Por sua vez, Morrison é um arqueólogo de filmes abandonados. “Decasia”, seu longa-metragem de estreia, é uma sinfonia audiovisual sobre a degeneração do antigo cinema que tinha por base fotoquímica o nitrato, altamente frágil e inflamável. Realizado em 2002, já em 2013 ingressou como a obra mais próxima à sua produção tombada pela coleção da Biblioteca do Congresso dos EUA.

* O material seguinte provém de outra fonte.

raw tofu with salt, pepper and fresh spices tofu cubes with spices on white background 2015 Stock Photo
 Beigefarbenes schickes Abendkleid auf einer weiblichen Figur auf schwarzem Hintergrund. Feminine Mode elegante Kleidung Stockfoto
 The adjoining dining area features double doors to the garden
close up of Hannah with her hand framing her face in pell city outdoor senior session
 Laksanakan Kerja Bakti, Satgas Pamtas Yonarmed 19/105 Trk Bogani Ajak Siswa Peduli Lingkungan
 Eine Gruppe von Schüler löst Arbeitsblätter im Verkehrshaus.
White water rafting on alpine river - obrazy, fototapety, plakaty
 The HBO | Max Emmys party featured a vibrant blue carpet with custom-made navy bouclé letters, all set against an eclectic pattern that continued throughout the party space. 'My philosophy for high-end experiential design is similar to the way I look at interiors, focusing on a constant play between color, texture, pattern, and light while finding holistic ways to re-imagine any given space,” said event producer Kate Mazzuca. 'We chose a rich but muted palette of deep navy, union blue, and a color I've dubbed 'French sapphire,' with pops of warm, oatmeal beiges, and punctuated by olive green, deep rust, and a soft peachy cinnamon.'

“78/52”, é bom explicar logo, refere-se às 78 posições de câmera e aos 52 cortes no processo de montagem da revolucionária cena de assassinato no chuveiro de “Psicose” (1960), de Alfred Hitchcock. Philippe dedica cerca de um terço de seu filme para a anatomia da realização daqueles três chocantes minutos, que ainda hoje assombram seus espectadores como ofizeram em sua estreia há mais de meio século.
Baseado em material de arquivo, entrevistas com críticos, técnicos, diretores e atores e reencenações, “78/52” desconstrói a feitura daquela sequência mítica. Entre muitas revelações, detalha a obsessiva pesquisa dos efeitos sonoros e a minuciosa coreografia a que Hitch submeteu a dublê desnuda de Janet Leigh, Marli Renfro, cujo depoimento é dos achados do filme.
Mas Philippe vai além. Primeiro, destaca a ousada ruptura representada por aquele suspense neogótico em preto e branco na sequência dourada da filmografia hitchcockiana imediatamente anterior. Sempre é bom lembrar que nada menos que “Um Corpo Que Cai” e “Intriga Internacional” precederam “Psicose”. Aos cinéfilos curiosos por ainda maiores detalhes, recomendo a leitura de “Alfred Hitchcock e Os Bastidores de ‘Psicose’ (Intrínseca, 2013), de Stephen Rebello, que serviu de base para o melodramático “Hitchcock” (2012) dirigido por Sacha Gervasi com Anthony Hopkins no papel-título.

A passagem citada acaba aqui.